It's two days before yet another deadline for getting the Northern Ireland peace process back in gear. The parties that must come to terms, Protestant unionists and Catholic republicans, are still at odds over the key issue of disarming the forces that have played out the province's long, sad history of violence.
Most people on both sides of the conflict are ready to bring down the curtain on that history. The Good Friday agreement, concluded last year, was hailed as the irreversible beginning of reconciliation and peace. But in the months since, tensions have flared. The British and Irish governments have doused the flare-ups, and are now working furiously to make Thursday's deadline the final one.
At issue is whether the Irish Republican Army, affiliated with the Sinn Fein party that will take part in the newly formed Northern Irish governing bodies, must give up at least some of its arms before those bodies can spring into motion.

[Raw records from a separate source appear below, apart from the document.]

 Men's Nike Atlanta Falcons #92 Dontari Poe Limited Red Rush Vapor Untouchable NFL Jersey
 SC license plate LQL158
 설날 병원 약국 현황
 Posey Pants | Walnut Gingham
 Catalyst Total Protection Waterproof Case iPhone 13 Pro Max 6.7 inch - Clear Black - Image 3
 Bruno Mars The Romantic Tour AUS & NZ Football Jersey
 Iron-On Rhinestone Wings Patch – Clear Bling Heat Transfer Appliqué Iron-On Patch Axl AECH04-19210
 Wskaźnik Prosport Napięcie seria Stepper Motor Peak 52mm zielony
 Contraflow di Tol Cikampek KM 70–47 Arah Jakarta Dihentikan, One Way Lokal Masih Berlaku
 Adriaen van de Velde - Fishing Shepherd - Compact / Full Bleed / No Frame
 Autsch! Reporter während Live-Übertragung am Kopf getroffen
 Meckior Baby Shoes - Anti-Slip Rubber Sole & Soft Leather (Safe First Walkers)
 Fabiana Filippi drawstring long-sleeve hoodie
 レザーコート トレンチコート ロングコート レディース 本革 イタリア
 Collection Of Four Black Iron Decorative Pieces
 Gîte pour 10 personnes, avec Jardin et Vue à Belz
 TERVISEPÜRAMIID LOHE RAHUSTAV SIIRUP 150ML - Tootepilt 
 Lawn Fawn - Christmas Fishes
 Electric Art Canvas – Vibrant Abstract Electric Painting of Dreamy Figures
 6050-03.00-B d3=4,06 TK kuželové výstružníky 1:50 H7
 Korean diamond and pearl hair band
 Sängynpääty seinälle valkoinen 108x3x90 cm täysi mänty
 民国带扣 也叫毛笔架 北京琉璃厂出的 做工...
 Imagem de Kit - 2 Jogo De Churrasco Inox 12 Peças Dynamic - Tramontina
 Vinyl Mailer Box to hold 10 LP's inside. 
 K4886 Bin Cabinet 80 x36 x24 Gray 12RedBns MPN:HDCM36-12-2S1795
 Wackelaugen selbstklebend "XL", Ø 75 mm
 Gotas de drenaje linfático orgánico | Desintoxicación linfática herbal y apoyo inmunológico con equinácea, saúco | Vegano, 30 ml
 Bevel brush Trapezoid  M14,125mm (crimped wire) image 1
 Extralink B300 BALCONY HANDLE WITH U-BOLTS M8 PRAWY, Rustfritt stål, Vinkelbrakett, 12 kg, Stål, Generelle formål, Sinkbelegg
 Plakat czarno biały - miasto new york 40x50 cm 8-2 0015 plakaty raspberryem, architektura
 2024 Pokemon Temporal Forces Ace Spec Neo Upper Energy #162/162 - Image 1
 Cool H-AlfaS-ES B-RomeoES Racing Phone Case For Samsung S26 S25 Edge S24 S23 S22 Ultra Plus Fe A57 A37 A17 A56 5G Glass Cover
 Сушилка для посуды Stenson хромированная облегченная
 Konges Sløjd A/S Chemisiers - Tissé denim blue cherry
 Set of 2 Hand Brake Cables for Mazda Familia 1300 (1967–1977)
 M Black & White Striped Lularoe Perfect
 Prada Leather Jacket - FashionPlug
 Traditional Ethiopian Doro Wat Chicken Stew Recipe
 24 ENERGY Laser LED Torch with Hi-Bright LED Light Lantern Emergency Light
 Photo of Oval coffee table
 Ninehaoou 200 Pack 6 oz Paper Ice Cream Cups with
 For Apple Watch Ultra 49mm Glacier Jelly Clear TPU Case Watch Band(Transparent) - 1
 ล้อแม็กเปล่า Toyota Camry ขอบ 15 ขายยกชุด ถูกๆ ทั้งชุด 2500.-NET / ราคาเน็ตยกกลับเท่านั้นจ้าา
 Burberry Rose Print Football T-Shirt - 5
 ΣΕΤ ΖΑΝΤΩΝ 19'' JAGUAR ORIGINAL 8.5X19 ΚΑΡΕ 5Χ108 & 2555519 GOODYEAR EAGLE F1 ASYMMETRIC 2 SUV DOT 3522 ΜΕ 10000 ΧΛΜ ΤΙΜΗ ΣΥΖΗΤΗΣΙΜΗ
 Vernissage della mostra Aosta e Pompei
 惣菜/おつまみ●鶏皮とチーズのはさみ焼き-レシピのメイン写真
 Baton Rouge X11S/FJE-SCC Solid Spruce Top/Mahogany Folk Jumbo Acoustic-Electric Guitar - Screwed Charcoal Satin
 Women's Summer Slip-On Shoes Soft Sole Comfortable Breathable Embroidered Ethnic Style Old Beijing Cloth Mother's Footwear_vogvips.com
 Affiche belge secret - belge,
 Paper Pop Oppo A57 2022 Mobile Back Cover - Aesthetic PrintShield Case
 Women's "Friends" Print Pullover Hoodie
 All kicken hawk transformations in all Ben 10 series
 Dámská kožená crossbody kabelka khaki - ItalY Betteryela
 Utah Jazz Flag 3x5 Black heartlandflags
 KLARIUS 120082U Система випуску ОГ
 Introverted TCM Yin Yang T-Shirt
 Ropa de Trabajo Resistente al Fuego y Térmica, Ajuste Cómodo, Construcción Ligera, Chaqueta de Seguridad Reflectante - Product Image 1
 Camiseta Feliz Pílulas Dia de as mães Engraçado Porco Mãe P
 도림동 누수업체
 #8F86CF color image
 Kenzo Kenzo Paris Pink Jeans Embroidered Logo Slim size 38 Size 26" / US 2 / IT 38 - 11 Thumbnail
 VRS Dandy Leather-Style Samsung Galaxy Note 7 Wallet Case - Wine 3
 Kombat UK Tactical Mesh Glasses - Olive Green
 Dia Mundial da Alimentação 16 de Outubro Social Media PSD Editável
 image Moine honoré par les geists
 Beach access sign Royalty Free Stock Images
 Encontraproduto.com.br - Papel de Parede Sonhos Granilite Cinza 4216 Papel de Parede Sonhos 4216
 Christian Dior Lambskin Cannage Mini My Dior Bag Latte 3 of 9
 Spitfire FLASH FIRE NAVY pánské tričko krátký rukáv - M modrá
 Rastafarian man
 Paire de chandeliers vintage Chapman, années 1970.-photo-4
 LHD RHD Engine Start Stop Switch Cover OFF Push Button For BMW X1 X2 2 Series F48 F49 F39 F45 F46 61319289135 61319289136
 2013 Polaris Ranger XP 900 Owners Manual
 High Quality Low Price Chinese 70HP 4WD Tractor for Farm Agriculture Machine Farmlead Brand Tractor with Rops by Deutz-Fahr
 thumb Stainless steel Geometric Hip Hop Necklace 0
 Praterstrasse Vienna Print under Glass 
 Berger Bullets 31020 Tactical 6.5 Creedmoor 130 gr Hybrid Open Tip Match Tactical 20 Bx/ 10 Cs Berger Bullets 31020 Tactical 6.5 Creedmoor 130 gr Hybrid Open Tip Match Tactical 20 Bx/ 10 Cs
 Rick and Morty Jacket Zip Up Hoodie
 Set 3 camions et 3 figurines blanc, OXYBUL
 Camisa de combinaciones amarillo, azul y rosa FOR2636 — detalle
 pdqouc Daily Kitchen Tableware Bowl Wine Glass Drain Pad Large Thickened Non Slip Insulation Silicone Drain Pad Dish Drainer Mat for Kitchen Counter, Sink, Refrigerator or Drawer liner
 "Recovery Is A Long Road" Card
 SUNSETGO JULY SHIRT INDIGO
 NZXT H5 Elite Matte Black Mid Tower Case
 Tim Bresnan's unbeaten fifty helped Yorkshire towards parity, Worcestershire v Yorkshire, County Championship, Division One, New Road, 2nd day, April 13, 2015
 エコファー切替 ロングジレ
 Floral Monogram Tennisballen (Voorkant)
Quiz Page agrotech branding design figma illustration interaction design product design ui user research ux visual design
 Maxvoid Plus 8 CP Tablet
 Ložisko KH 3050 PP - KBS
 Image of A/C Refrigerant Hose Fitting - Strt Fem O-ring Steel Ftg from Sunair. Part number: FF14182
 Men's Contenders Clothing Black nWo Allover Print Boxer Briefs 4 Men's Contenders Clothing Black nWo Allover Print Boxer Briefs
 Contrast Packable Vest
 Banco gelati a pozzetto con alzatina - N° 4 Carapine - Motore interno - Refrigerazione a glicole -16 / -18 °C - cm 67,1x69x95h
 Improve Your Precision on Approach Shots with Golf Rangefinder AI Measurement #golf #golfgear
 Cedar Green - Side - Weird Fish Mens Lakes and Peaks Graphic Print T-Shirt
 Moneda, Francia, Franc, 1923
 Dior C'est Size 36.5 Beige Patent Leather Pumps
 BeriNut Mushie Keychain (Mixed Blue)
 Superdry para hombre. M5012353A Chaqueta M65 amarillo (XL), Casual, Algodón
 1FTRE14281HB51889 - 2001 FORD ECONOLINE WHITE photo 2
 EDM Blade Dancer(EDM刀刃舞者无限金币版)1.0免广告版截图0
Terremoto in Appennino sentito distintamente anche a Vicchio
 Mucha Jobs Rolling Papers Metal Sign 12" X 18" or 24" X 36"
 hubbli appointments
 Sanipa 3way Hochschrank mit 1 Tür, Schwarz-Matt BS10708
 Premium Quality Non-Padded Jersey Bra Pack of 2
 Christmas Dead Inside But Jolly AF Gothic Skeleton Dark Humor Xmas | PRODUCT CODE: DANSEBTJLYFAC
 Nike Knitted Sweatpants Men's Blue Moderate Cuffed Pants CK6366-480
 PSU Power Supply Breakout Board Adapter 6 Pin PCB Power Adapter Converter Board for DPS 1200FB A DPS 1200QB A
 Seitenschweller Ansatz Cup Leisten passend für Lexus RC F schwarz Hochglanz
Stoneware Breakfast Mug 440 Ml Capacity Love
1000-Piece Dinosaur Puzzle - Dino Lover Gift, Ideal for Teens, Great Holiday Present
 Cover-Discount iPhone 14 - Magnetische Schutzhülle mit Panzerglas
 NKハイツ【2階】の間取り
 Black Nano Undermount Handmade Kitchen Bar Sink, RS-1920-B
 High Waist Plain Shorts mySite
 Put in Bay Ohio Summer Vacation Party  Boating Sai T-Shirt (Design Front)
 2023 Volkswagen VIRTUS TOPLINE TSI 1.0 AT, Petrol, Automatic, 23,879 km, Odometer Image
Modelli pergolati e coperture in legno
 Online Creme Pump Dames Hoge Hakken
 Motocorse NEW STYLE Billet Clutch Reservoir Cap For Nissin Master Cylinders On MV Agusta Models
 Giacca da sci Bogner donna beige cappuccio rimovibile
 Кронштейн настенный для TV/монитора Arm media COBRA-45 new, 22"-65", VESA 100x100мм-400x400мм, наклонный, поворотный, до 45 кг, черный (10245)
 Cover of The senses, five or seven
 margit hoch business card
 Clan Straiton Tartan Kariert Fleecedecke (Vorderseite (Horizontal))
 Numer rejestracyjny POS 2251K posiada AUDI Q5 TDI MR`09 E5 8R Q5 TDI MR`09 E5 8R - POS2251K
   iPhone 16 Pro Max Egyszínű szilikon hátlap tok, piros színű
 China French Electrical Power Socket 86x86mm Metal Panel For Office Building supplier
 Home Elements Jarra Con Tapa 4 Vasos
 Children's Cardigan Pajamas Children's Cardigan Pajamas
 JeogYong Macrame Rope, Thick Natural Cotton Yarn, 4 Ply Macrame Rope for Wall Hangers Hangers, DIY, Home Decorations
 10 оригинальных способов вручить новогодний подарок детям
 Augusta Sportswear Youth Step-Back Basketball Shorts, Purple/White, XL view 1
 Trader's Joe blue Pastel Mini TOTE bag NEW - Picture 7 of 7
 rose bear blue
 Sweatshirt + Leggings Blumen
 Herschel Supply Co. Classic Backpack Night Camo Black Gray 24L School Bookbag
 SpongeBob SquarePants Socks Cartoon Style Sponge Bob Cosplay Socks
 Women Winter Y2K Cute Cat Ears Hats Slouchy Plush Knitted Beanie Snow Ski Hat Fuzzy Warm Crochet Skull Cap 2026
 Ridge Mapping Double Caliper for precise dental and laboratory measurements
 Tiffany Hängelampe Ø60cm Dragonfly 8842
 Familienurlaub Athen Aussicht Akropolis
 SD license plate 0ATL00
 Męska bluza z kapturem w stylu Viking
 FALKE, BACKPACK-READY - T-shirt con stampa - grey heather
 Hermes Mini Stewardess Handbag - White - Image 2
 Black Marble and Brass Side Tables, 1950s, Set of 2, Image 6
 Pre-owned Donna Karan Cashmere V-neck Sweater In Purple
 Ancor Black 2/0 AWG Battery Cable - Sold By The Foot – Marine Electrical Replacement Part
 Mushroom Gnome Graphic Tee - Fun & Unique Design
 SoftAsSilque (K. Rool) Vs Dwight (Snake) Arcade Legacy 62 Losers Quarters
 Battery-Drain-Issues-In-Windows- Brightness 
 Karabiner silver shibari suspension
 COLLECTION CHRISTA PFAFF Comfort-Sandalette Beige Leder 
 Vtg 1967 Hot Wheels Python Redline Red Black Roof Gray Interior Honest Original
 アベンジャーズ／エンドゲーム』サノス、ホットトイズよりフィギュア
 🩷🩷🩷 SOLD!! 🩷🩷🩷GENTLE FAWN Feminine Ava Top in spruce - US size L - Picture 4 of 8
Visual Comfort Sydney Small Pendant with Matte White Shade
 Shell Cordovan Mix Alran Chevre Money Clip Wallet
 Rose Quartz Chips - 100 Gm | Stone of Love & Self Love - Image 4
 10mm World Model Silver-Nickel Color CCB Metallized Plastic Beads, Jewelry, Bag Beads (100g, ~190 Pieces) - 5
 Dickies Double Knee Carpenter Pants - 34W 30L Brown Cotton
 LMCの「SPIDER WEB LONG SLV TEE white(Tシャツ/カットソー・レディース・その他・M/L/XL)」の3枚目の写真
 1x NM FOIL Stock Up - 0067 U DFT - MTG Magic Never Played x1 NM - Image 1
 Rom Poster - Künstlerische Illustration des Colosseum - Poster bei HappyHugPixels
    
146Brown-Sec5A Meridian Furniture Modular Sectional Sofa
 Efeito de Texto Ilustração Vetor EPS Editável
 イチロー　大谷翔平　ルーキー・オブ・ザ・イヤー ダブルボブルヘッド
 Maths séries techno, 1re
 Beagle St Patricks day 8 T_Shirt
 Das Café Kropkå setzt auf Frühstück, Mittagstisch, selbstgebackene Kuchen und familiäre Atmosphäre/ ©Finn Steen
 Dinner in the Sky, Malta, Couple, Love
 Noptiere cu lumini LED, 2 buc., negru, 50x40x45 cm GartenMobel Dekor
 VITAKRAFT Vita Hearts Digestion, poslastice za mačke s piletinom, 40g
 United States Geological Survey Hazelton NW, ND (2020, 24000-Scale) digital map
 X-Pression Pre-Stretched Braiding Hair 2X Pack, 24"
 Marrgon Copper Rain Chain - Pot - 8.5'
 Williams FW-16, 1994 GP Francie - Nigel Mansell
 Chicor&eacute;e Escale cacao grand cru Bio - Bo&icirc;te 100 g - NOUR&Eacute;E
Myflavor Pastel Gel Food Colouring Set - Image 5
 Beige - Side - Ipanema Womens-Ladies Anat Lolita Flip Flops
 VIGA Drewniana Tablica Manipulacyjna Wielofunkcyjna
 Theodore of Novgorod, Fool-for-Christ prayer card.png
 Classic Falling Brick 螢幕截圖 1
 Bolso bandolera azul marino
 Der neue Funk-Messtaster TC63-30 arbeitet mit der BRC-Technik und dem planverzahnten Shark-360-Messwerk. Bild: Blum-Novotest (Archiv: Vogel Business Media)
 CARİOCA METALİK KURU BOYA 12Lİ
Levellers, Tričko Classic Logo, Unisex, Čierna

The best solution would be cooperation from Sinn Fein and the IRA in starting the process of disarming now. The cloud of violence has to be dispelled, and that would be the best way to do it. But the best solution has been elusive, and thus a compromise: Let the parties take their governmental seats with a firm commitment from the republican side to begin handing over IRA weapons in accord with a schedule set by a disarmament commission headed by Canadian Gen. John de Chastelain. The onus would then be on Sinn Fein and the IRA to demonstrate good faith.
Unionist hard-liners are leery of this deal, which is championed by London and Dublin. They want to see the weapons now - and they're in the midst of the highly emotional Protestant marching season.
But reason, not emotion, must rule. The well-being of all Northern Ireland's people rests on moving forward toward real peace. The compromise should be seized.